Depending upon the complexity of the problem, several GP runs may be required to find an acceptable solution if one can be found at all. Ideally, we would like GP to "scale up" as the complexity of the problem increases. Finding good ways to accomplish this goal is an active area of research. As in conventional programming, the notion of building higher- level representations through the use of subroutines is one way to approach this problem. In genetic programming II, Koza discusses methods that can be used to discover reusable subroutines and presents results that support the ability of hierarchical, modular programs to solve more complex problems. 

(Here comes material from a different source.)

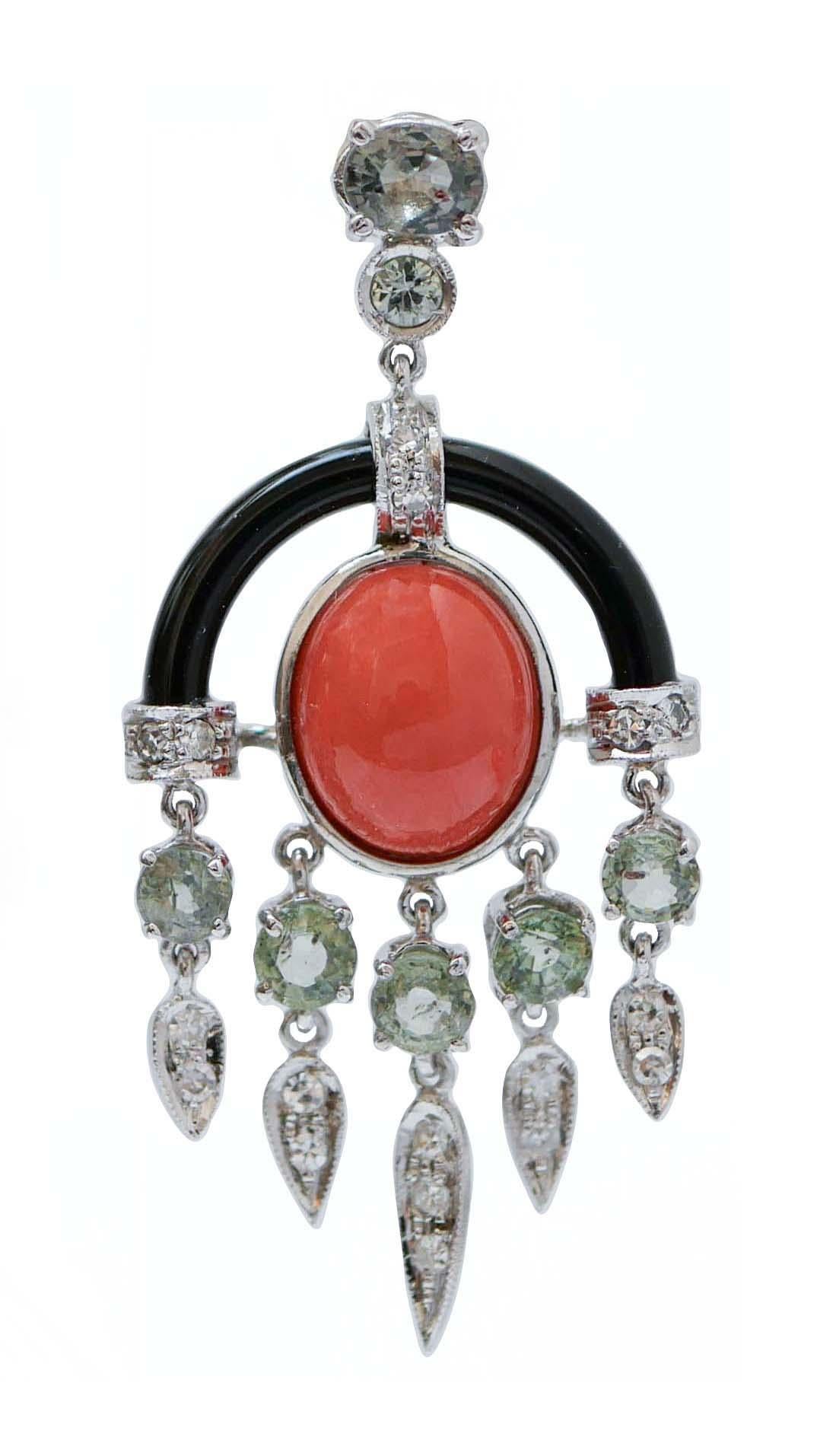 Amazing dangle earrings in platinum structure and 14 kt white gold structure mounted with a two sapphires in the upper part; in the middle, a coral with onyx and, as pendats, structures mounted wit a sapphire and  drops studded with diamonds.
These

As we have seen, genetic programming couples the self-organizing characteristics of the genetic algorithm with the representational power and generality of S-expressions. The elegance of this approach simplifies problem specification to that of providing a domain-specific fitness function and an appropriate function and terminal set. Applicable to a diverse range of problems, genetic programming continues to be a fertile ground for research.

Still in its infancy, future breakthroughs may lead us one step further to that Holy Grail of systems capable of authoring their own programs.

 

Suggested Reading

  • Kinnear, Jr., K. E. (ed.). Advances in Genetic Programming. Cambridge, Mass.: The MIT Press, 1994.
  • Knuth, D. E. The Art of Computer Programming, Volume 3, Sorting and Searching. Reading, Mass.: Addison-Wesley, 1973
  • Koza, J. R. Genetic Programming. Cambridge, Mass.: The MIT Press, 1992.
  • Koza, J. R. Genetic Programming II. Cambridge, Mass.: The MIT Press, 1994.
  • Montana, D. J. “Strongly Typed Genetic Programming.” BBN Technical Report #7866, May 1993.
  • Mitchell, Melanie, An Introduction to Genetic Algorithms, The MIT Press, 1998.